The book’s hero, Paul Harris, has returned from the First World War physically and psychologically scarred. He has been in a mental hospital with shell-shock and has lost one eye. He still has frightening nightmares and is physically frail. Despite this, he has great integrity and moral courage. His older brother, Robbie, was killed in the war. Robbie’s fiancée, Margot, was the local vicar’s daughter. She is pregnant and beside herself about what to do about the baby. Her mother wants her to give it up for adoption. Paul gallantly proposes to her so that she can keep the baby. Her pregnancy is not so far advanced that they can’t pass it off as his child.
 
The vicar, one of the most unsympathetic characters in the book, has his suspicions.

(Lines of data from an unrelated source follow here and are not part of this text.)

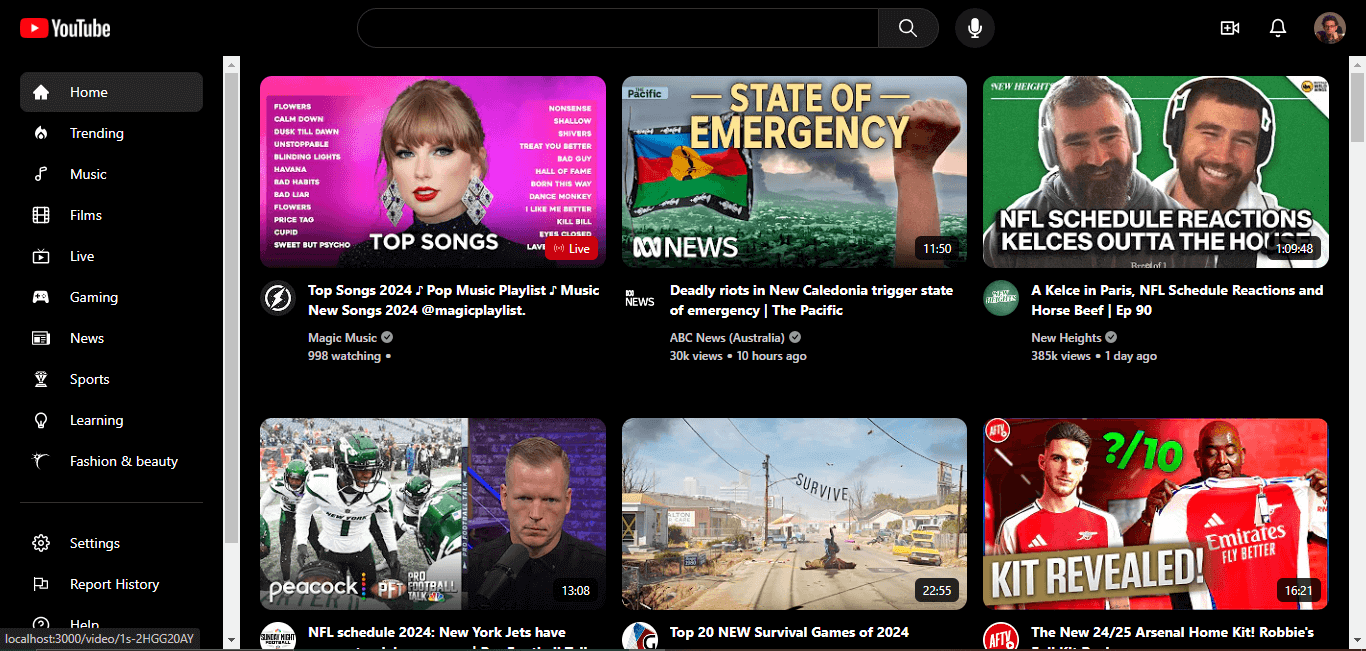 Youtube Clone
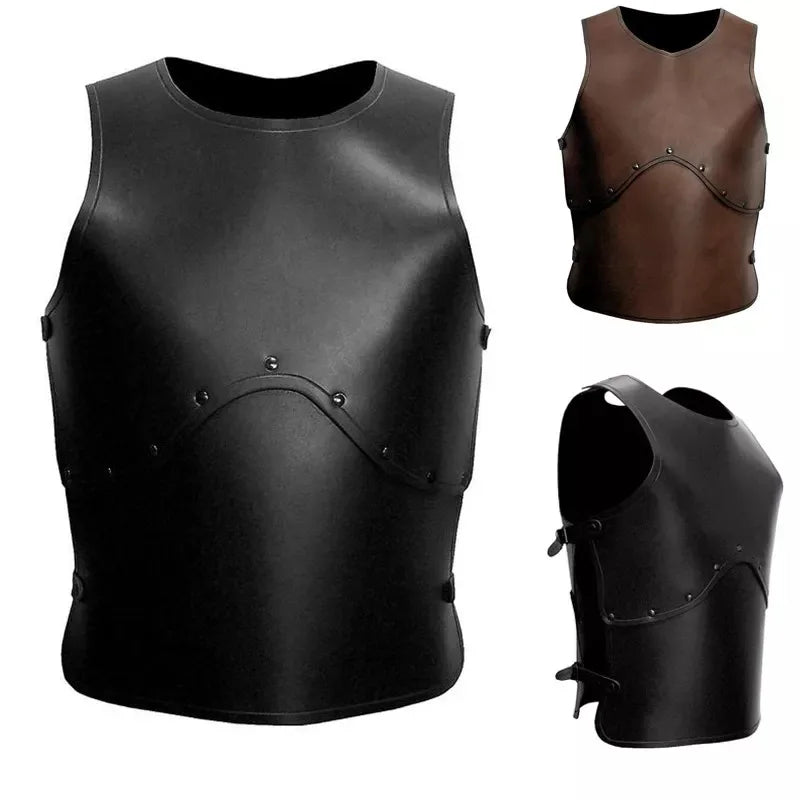 Viking Gladiator Warrior Chest Armor Medieval Leather Belt Breastplate Vest Knight Cosplay Costume Adult Armour For Party LARP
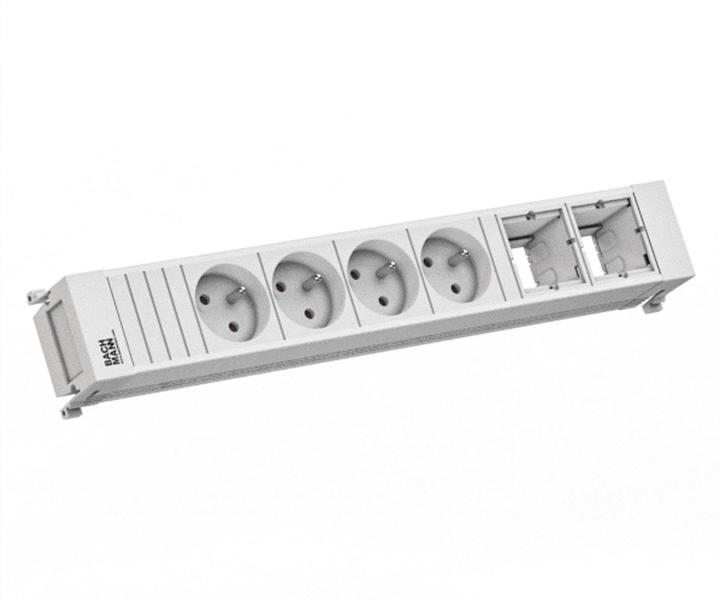 Actual product image Bachmann BACH socket strip (4x, CEE 7/3, CEE 7/5)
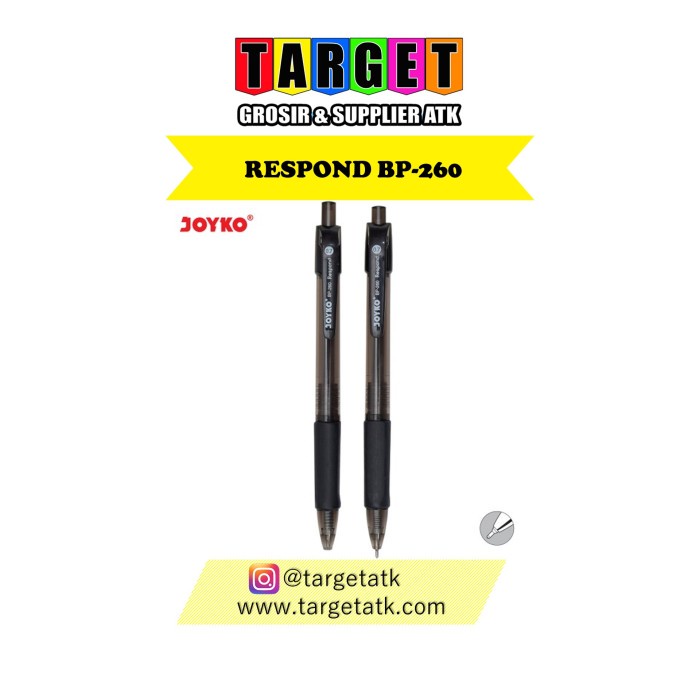 

Kusus Hari Ini Ball Pen Pulpen Pena Joyko Bp-260 Respond 1 Box 12 Pcs Bagus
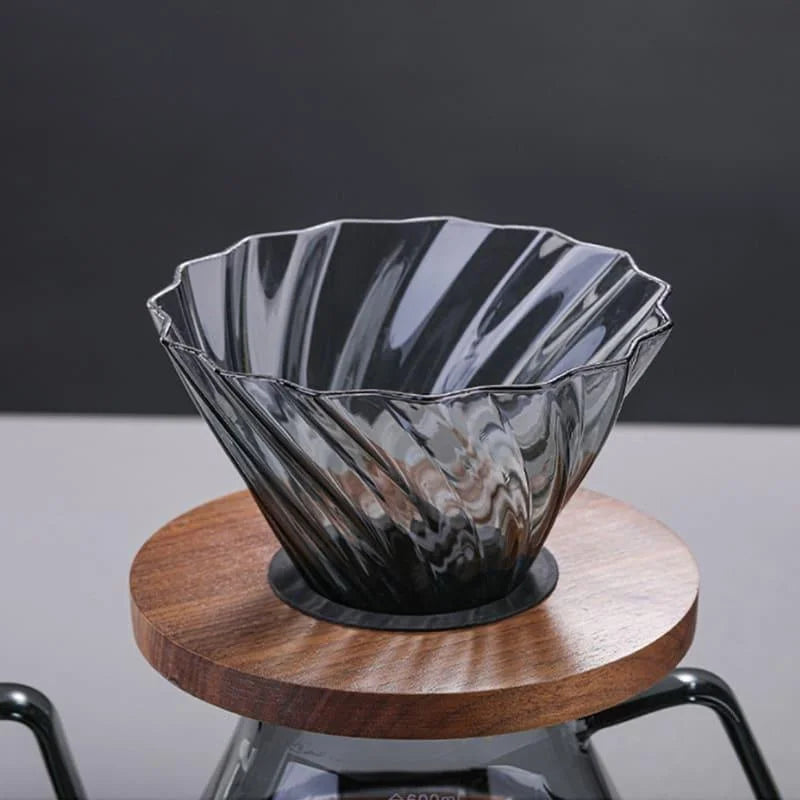 Bule de Café em Vidro Borossilicato com Coador Hario V60 para Preparo Lenogue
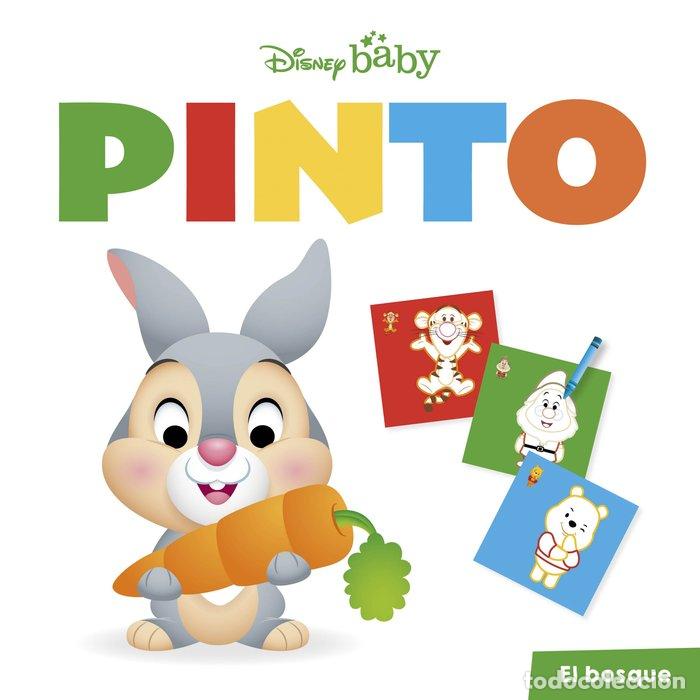 books: DISNEY BABY PINTO EL BOSQUE - DISNEY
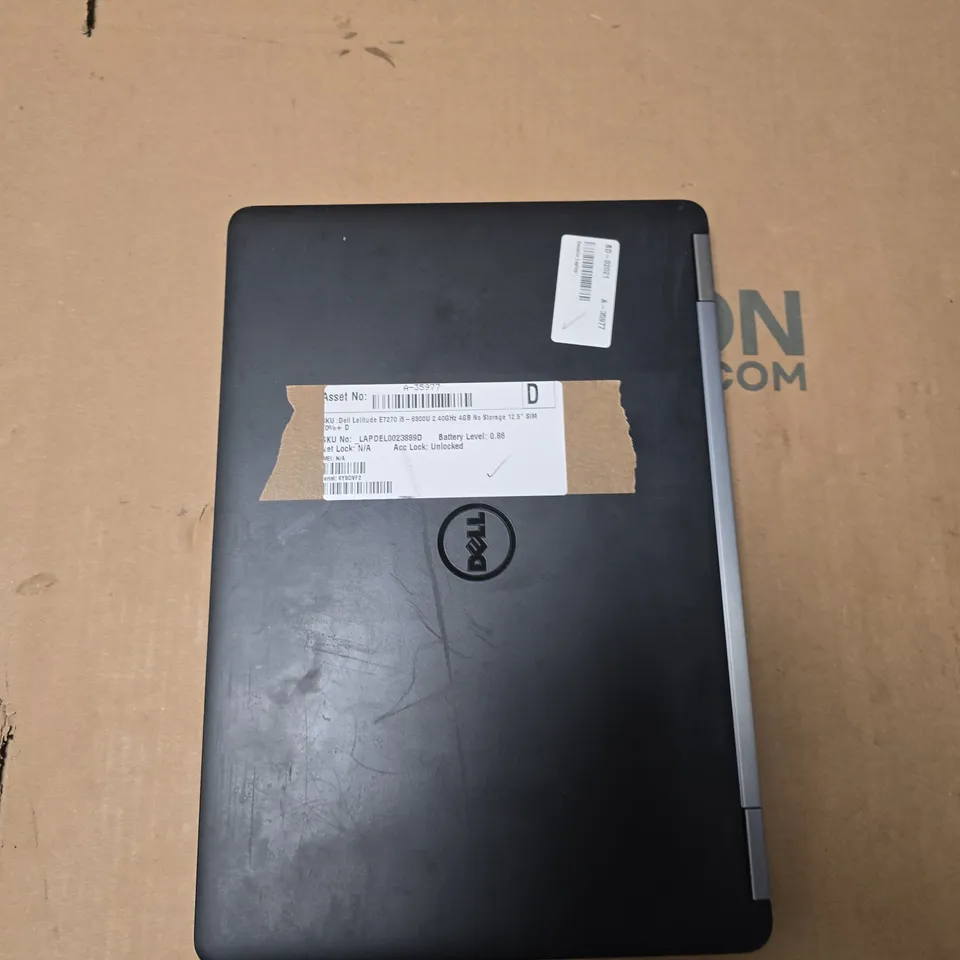DELL LATITUDE E7270 LAPTOP – 12.5-INCH DISPLAY, I5-6300U, 4GB RAM, NO STORAGE (SIM)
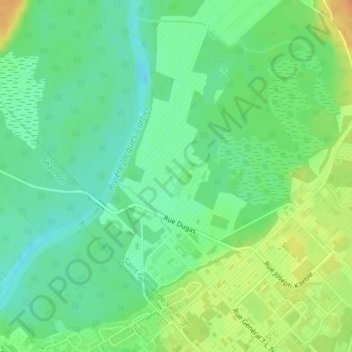 Valcartier地形图、海拔、地势
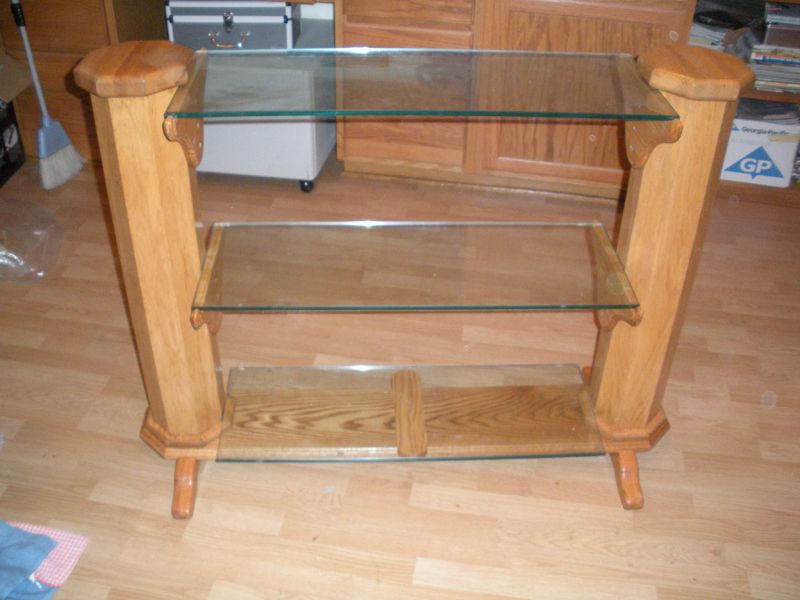 Glass and Oak Bookshelf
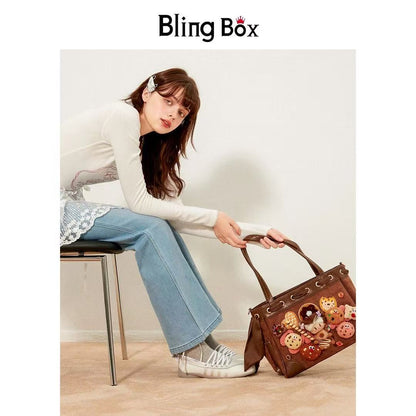 "Cookies that grew up eating cookies." designer original shoulder bag \ handbag \ crossbody bag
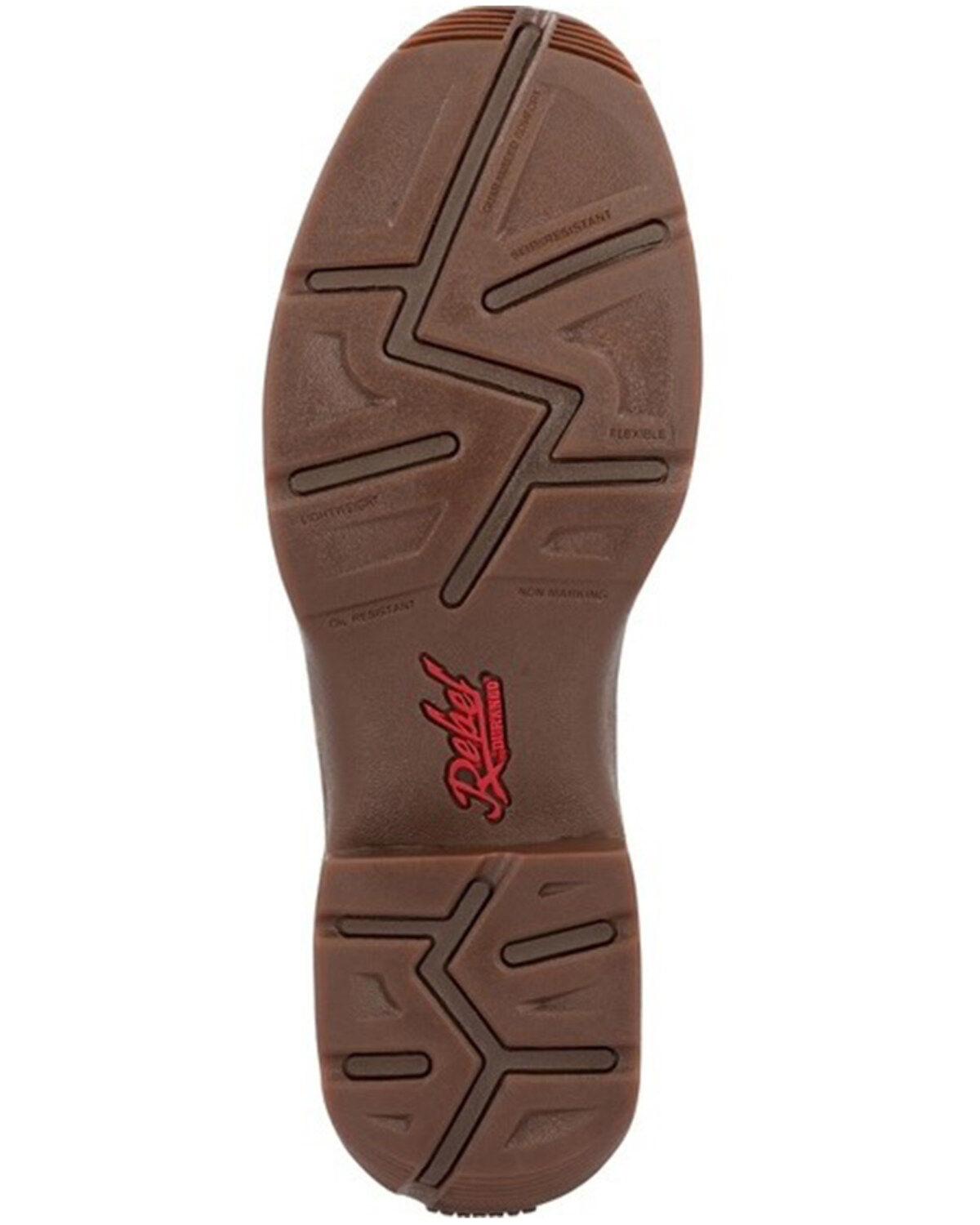 Image #7 - Durango Men's Rebel Performance Western Boots - Round Toe, Black, hi-res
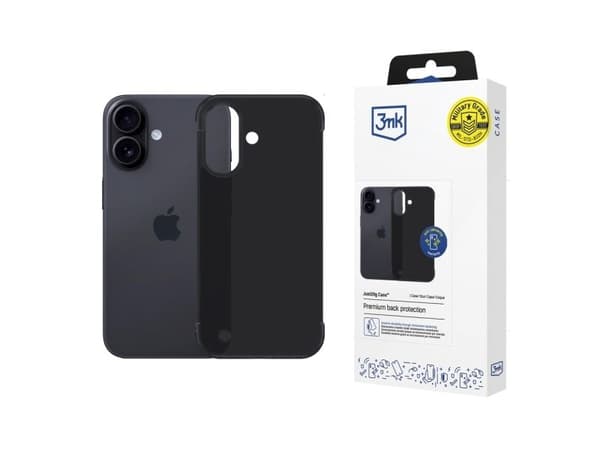 3MK Just20g matt etui til iPhone 16 Plus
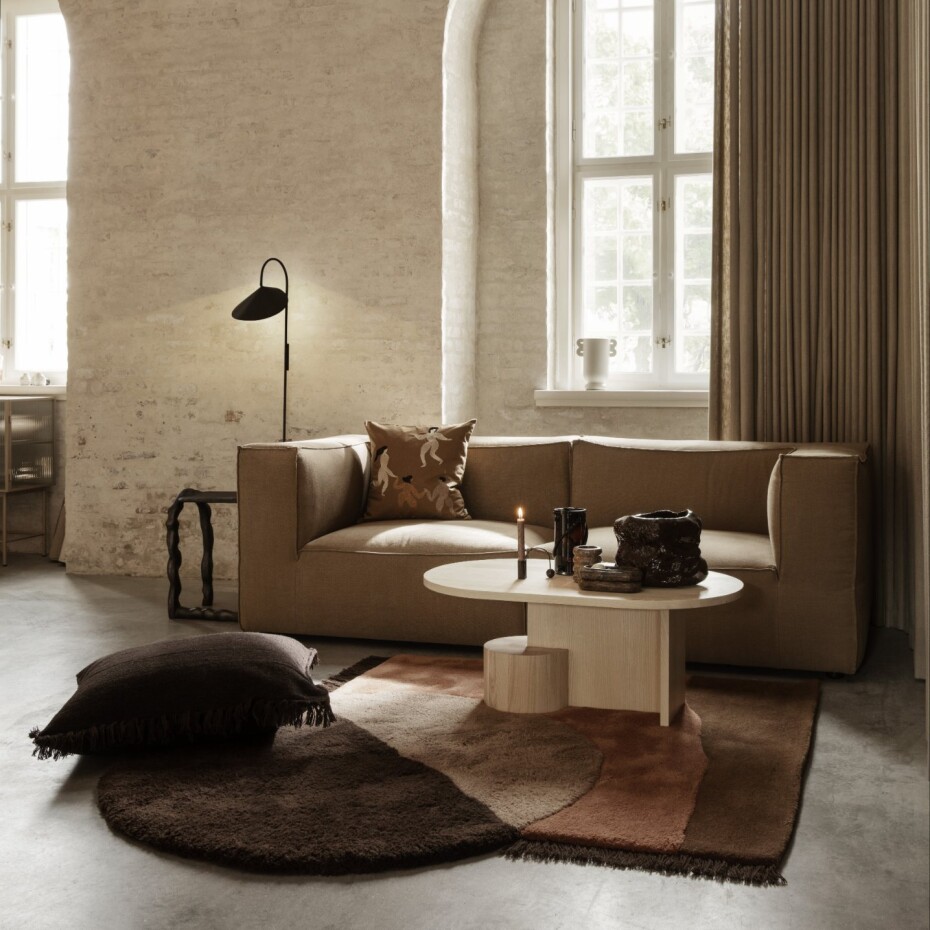 Nástěnná lampa ARUM 26 cm, černá, hliník, ferm LIVING - main (1)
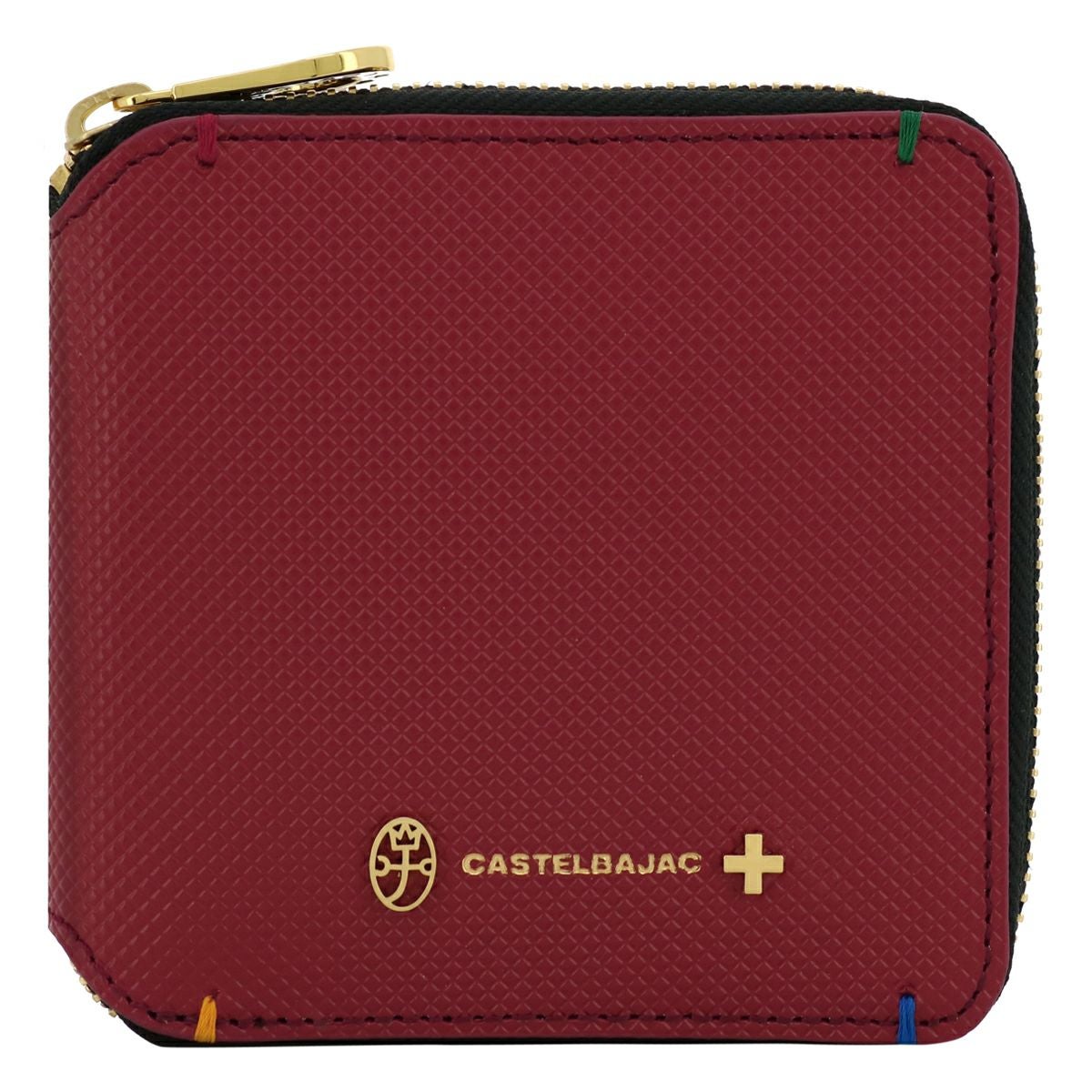カステルバジャック 二つ折り財布 本革 期間限定カラー メンズ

He has always regarded Paul as something of a milksop and now that his stunning good looks have been blighted he is less of a catch than he might have been. He also has difficulty in believing Paul has got his daughter pregnant.
 
Paul meanwhile is still involved with his old, pre-war friend, Adam, and with Patrick, a local butcher with whom he served in the war and whom he truly loves. The wedding goes ahead. Eventually it is consummated. The child is born and Paul renounces his homosexual friends to honour his new commitments.
 
Marion Husband relates this story extremely well. The reader is fully engaged and feels (at least this one did) great sadness at Paul’s grand renunciation. My only reservation, as I remarked at the beginning of this review, is the absence of any real period feel. Educated as I was as a child by Edwardian teachers, women who were then known as “maiden ladies”, who had never married because the flower of England’s youth had been wiped out in France, I was very aware of their speech patterns and outlook. There is no hint of that in this novel which seems very contemporary apart from the need to save Margot’s “honour”. Nonetheless, this is a fine and thought-provoking book, well-organised and totally believable. Had The Boy I Love created the same atmosphere as Bertram Cope's Year it would have been nearly perfect. As it is it deals honestly but somewhat anachronistically with its subject matter.